Predict will also need a certificate in order to access the database. To get this certificate:

1. Go to the Openshift Console for your MAS instance.
2. Go to Projects and search for monitor.
3. Go to Secrets and search for db2-certificates.
4. Click the secret that pops up and copy its value under the Data section.
5. Paste this value into a file called `db2_certificate.pem`

Upload both files, db2_certificate.pem and Predict_Envs.json, to your CP4D project.

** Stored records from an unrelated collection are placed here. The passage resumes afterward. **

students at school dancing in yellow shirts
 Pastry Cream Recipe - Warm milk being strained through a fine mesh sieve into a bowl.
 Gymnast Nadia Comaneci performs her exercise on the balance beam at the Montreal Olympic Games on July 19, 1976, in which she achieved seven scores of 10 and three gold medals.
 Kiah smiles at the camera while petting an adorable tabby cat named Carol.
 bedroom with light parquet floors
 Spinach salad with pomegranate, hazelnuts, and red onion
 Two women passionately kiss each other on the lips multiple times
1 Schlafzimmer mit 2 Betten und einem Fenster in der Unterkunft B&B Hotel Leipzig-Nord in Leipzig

Additionally, if your CP4D instance is deployed separately from your MAS instance, you'll need to provide a few more credentials. The instructions for these are outlined in the below section.

---

### Accessing External MAS Deployment 
If your MAS deployment is deployed on a different cluter than this CP4D instance, you will have to follow the below steps to get these two credentials:

#### USER_PROVIDED_HEALTH_URL:
1. Go to the Openshift Console for your MAS instance.
2. Go to Projects and search for manage. If no projects show up, your MAS Health is deployed standalone and you just need to search for health instead.
3. Go to Routes. There should be one route that is of the format `{instance ID}-{manage or health}-main`. Copy this route.
4. Add this value to your Predict_Envs.json file with the key `USER_PROVIDED_HEALTH_URL` and append /maximo onto it.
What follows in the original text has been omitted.